Hey folks, currently (in preprocess.py) there is a kludgey way to get the MIP value:
if project_name == 'CMIP5':
table = model['mip']
else:
table = project_info['MODELS'][0]['mip']
-- tis ugly and inefficient (what if the first model doesn't have a mip key?) -- could Javier have a look and change things so we get the MIP from a higher level position? Cheers, V
Maybe the MIP is not even needed, as the CMOR table should be unique given the variable name.
Agreed it should probably go all together at some point. @bouweandela is working on centralising the namelist parser, perhaps something to add there.
Wait, the MIP is still needed in the namelist to fully define the CMIP5 input (together with the other keys).
It is (maybe) not needed for searching the cmor table of the given variable.
Can't we do a lookup in the CMIP5 tables (which are included in ESMValTool) to determine the MIP given a variable name? Would get rid of the MIP=* trick used when using variables from multiple MIPs?
Regardless, something to take care of while reading in the namelist, I think :-)
Can't we do a lookup in the CMIP5 tables (which are included in ESMValTool) to determine the MIP given a variable name? Would get rid of the MIP=* trick used when using variables from multiple MIPs?
Yes, that's what I was thinking of, but @jvegasbsc should confirm whether it is doable at the preprocessor/cmorization level.
I'm sorry to inform you that this is not possible in all cases: there are some variables in more than one table. For example, sithick in CMIP6 is in SIday and SImon.
Anyway, I think it is a good idea to deduce it for all the variables we are going to use.
And, by the way, the mip parameter should be moved from models configuration to variable config, because it is possible to use variable from different MIPs in some diagnostics
I'm sorry to inform you that this is not possible in all cases: there are some variables in more than one table.

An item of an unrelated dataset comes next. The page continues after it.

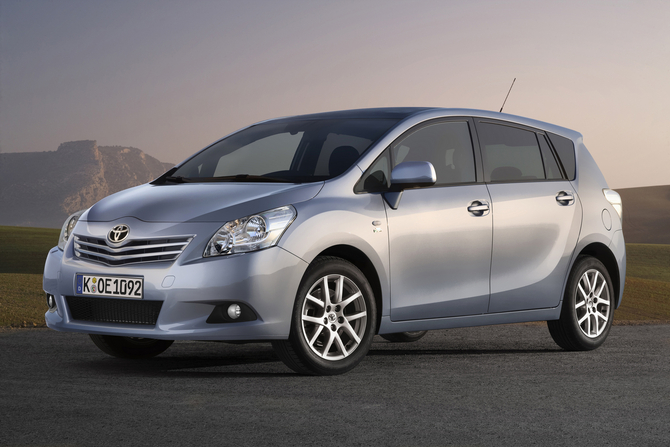 Toyota Verso Gen.1 Toyota Verso Gen.1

For example, sithick in CMIP6 is in SIday and SImon.
That's tricky. I guess the only difference between the two table is the time coordinate.
Is there any other way we can deduce it given the namelist settings?
Something like checking all mips in the MODELS section and taking the most frequent entry?
And, by the way, the mip parameter should be moved from models configuration to variable config, because it is possible to use variable from different MIPs in some diagnostics
That case is already covered by using wildcards in the MODELS section and moving the mip definition to the variable dict (see the yaml concept document). But for the general case I would stick to the current solution.
Let's also see what @axel-lauer think about this...
I think all variables that are available for a particular mip are included in the corresponding table (e.g. tas is in the tables 3hr, 6hrPlev, 6hrPlevPt, day and Amon) but usually, those definitions are (should be) identical. Anyways, to be on the safe side it might be best to have the mip Definition in the variable dict and then simply use the table corresponding to the mip of the variable being processed.
I've checked the CMIP5 tables for the variable ta.
This is defined in 7 mips (6hrLev, 6hrPlev, Amon, cf3hr, cfDay, cfMon, day) and unfortunately there are some differences across these definitions, mostly in the additional variable information section (things like dimensions, valid_min, valid_max, etc.), which could be critical for the preprocessor.
So a mip definition is definitely necessary here. @jvegasbsc suggestion has the advantage that it is clear, safe and flexible (i.e., allows using the same models list with multiple variables from different mips).
The only concern I have is for those namelist which do not use CMIP models, in that case the mip entry might be confusing.
Other ideas?
Otherwise I would suggest @jvegasbsc to go ahead and implement his suggestion.
The only concern I have is for those namelist which do not use CMIP models, in that case the mip entry might be confusing.
This can be confusing only if you are mixing cmorized (all of them will have the mip, even if they are not part of any CMIP) and raw data models, and I think this is something that only "advenced" users will do.
Anyway, having parameters that only apply to certain types of projects and managing those kind of things with ease is part of the magic of YAML. And if we are thinking of using the tool with non-cmorized models, we will need this kind of things for most of the models. For example, for Nemo output we probably will need the frequency and the file type (gridT, gridV, icemod, pisces).
Ok!
Let's move the mip key from the model to the variable dictionary then.
I would suggest waiting for PR159 and continue form that.
I've been working on a namelist parser in the REFACTORING_preprocessor branch that already works with this.
This has been implemented in #172, I think this issue can be closed.
Has the workaround by @valeriupredoi (see above) also been revised accordingly?
PR #172 contained new code for running the preprocessor, independent of preprocess.py. I kept the file around for future reference, there may still be information in there that is useful, but I think it doesn't need to be updated anymore.